» WHAT TO DO
Find the line that holds "Casa de hóspedes Dawoo House 1 In Hongdae 2*" in the material below. Output that line and each one after it exactly, but not the pictures.

» PROVIDED MATERIAL
⟨

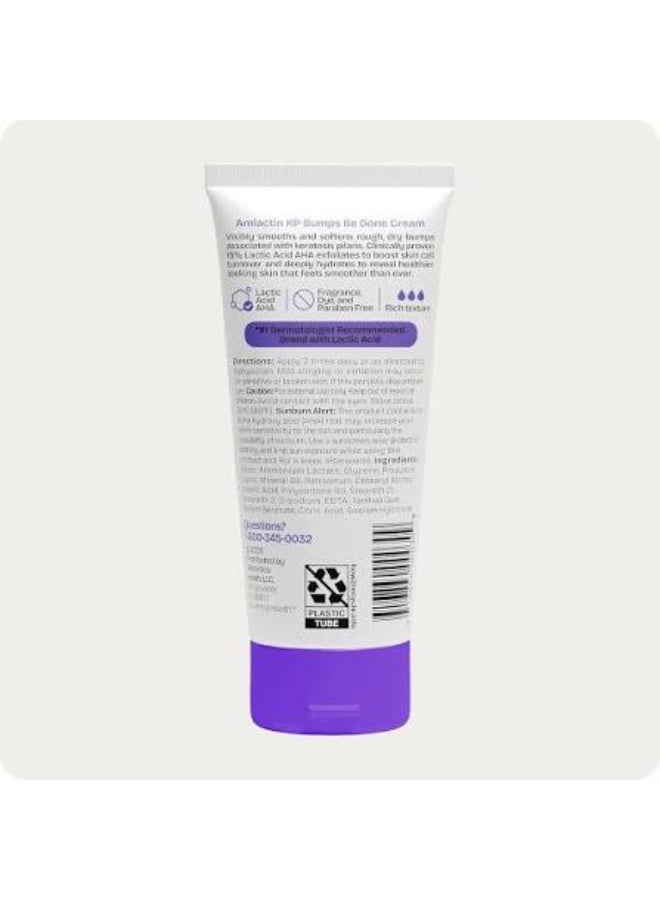 أملاكتين AmLactin، كريم KP Bumps Be Gone بتركيز 15% من أحماض ألفا هيدروكسي (AHA)، للبشرة الخشنة والمصابة بـ "جلد الدجاجة" (التقرن الشعري)، خالٍ من العطور، 140 جم - Image 2
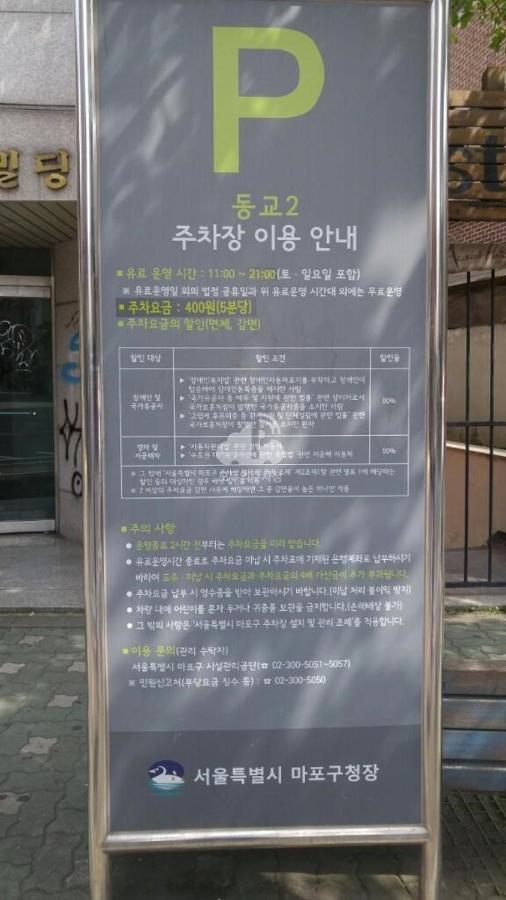 Casa de hóspedes Dawoo House 1 In Hongdae 2*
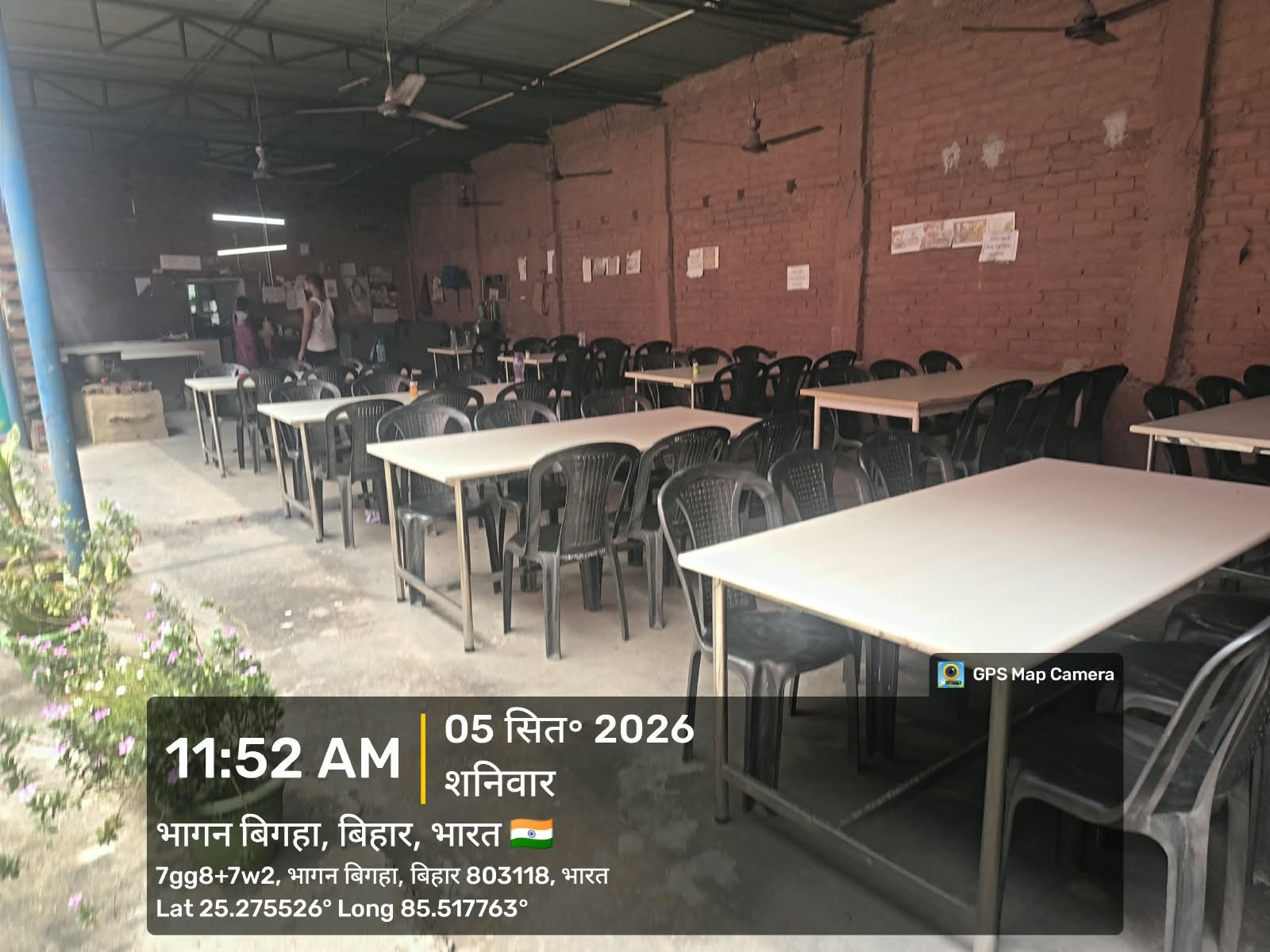 Canteen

⟩

» WRITTEN RESPONSE
 Casa de hóspedes Dawoo House 1 In Hongdae 2*
 Canteen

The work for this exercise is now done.